Lettres patentes de mai 1791, portant union des bien de l’hôpital Saint-Jacques à celui des Enfants-Trouvés:
Louis XVI permet au administrateurs de l’hôpital des Enfants-trouvés de jouir des bâtiments et des terrains pour y recevoir les nouveaux-nés abandonnés atteints de maladies communicables. Laissons lui la parole si vous le voulez bien et lisez plutôt:
« Il n’est point à Paris d’établissement de charité qui ait plus besoin et qui mérite plus d’être secouru que celui des Enfants-Trouvés, eu égard au grand nombre d’enfants dont il est surchargé. »

« Les administrateurs de l’hôpital Général, toujours attentifs à perfectionner cet asile de l’enfance abandonnée, et à en écarter tous les dangers, nous on fait représenter qu’un grand nombre des enfants qu’on y amène étant infectés, en naissant, du germe de la corruption de leurs pères et mères, ne doivent ni être livrés à des nourrices auxquelles ils les communiquent, ni rester confondus avec les autres enfants qui seraient exposés à cette contagion. »
Vous avez deviné: le roi fait allusion à la syphilis.

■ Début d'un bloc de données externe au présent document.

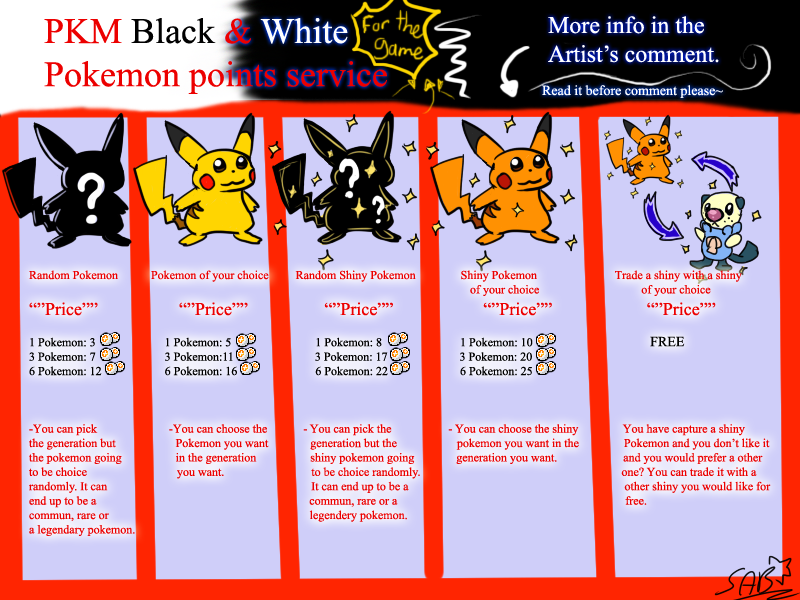 Basic Pokemon Point PKM Black-White-points service by Rhaytronik on DeviantArt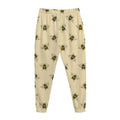 Vintage Bee Pattern Print Jogger Pants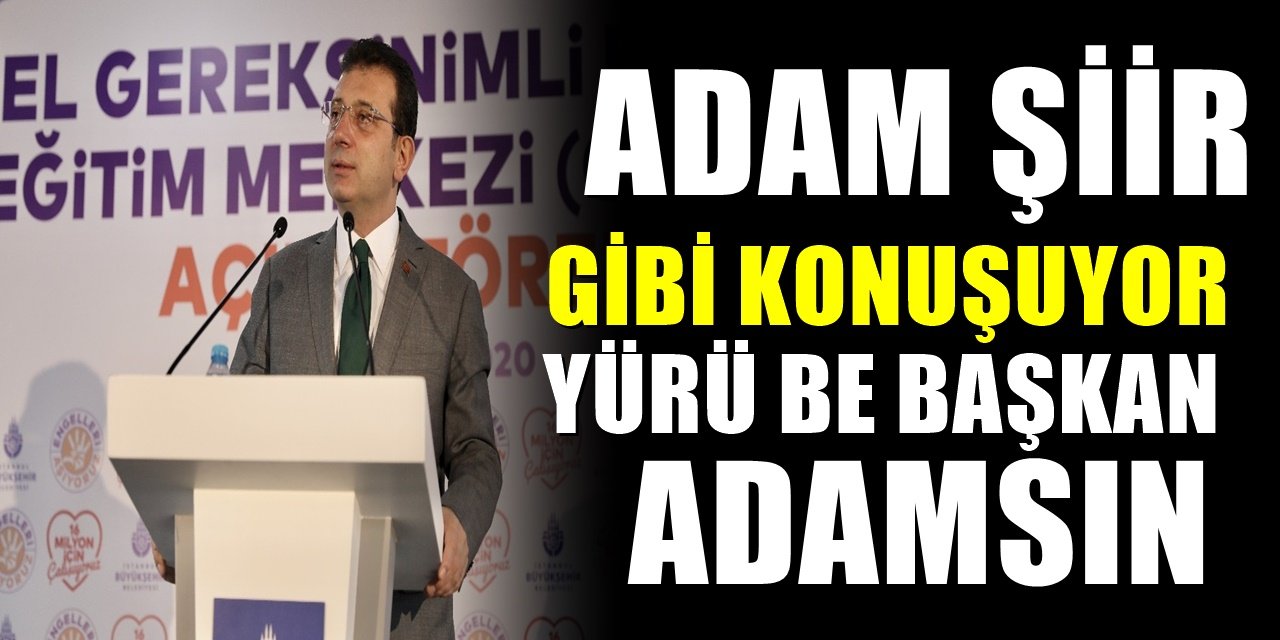 Ekrem İmamoğlu'ndan özel açıklamalar. Burası Çok önemli diyerek adeta ders verdi
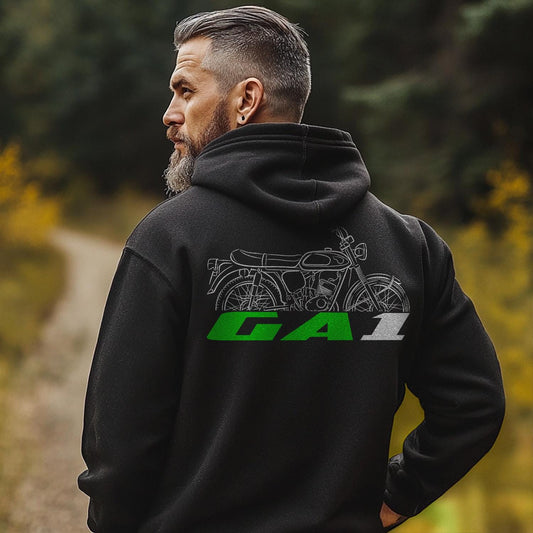 Kawasaki GA1 1969 - 1970 Inspired Hoodie - Motorcycle Sweatshirt for Riders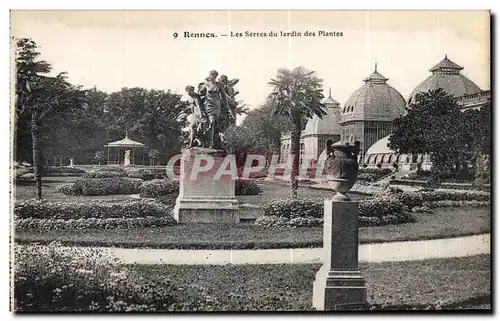 Cartes postales Rennes Les Serres du jardin des Plantes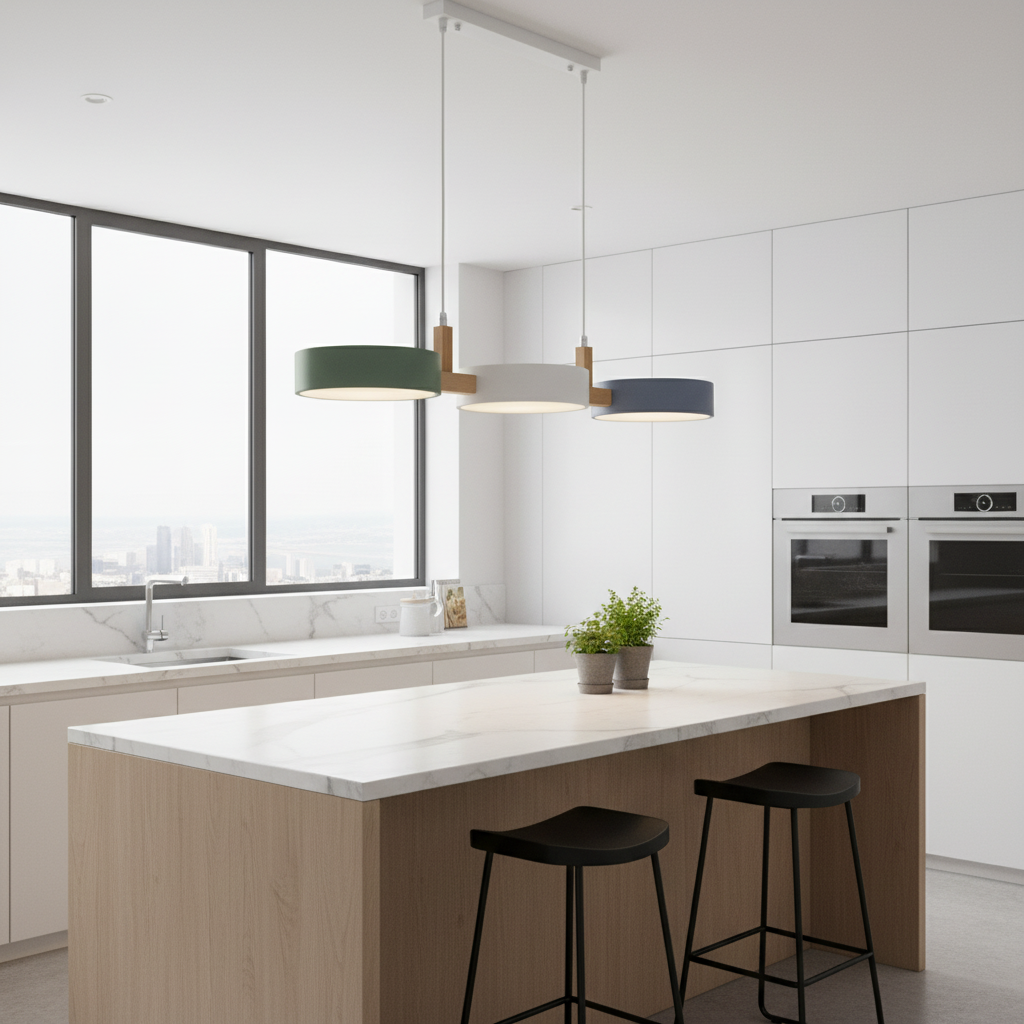 Modern Cylinder Pendant Lamp | Pendant Lighting for Kitchen Island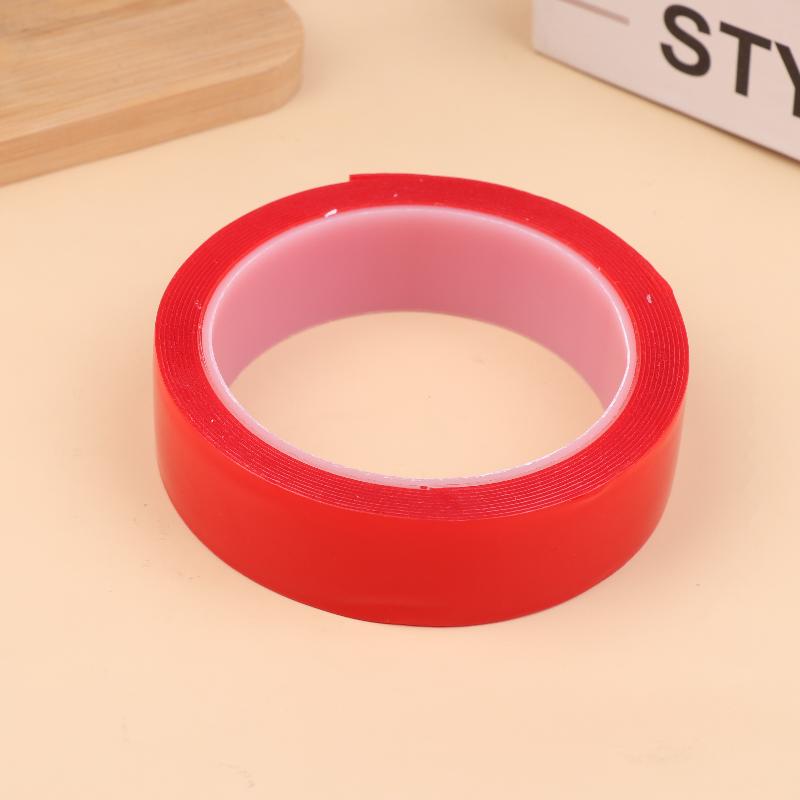 3Meter 10/20/30Mm Width Transparent Tape Double Sided Tape Nano Tape Washable Adhesive Nano Traceless Sticker Glue Red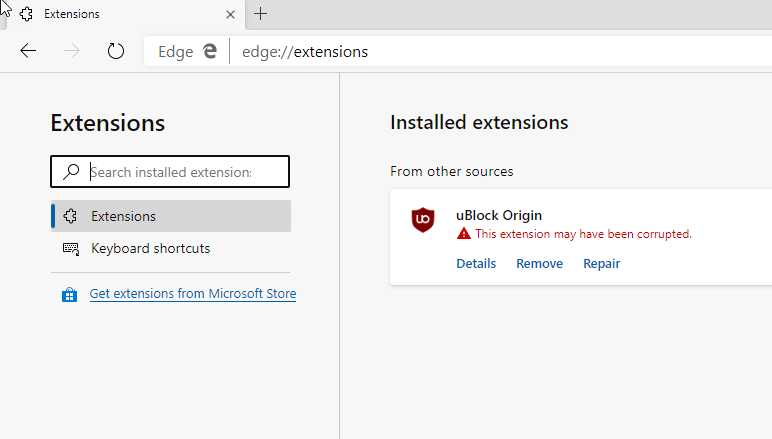 chrome extensions ublock origin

Voici une photo issue du musée des moulages de l’hôpital Saint-Louis bien plus parlante:
Les administrateurs de l’hôpital général soumettent donc au roi l’idée de former, dans les environs de Paris, un établissement pour accueillir tous les enfants que l’on soupçonne d’être atteints « de ce venin ». Les soupçons se portent soit au travers « la visite et l’inspection, soit par les témoignages des accoucheurs et sages-femmes ». A noter que ces enfants y seront nourris et élevés sans nourrice, et avec du lait, en employant toutes les précautions nécessaires pour leur conserver la vie et éviter toute contagion.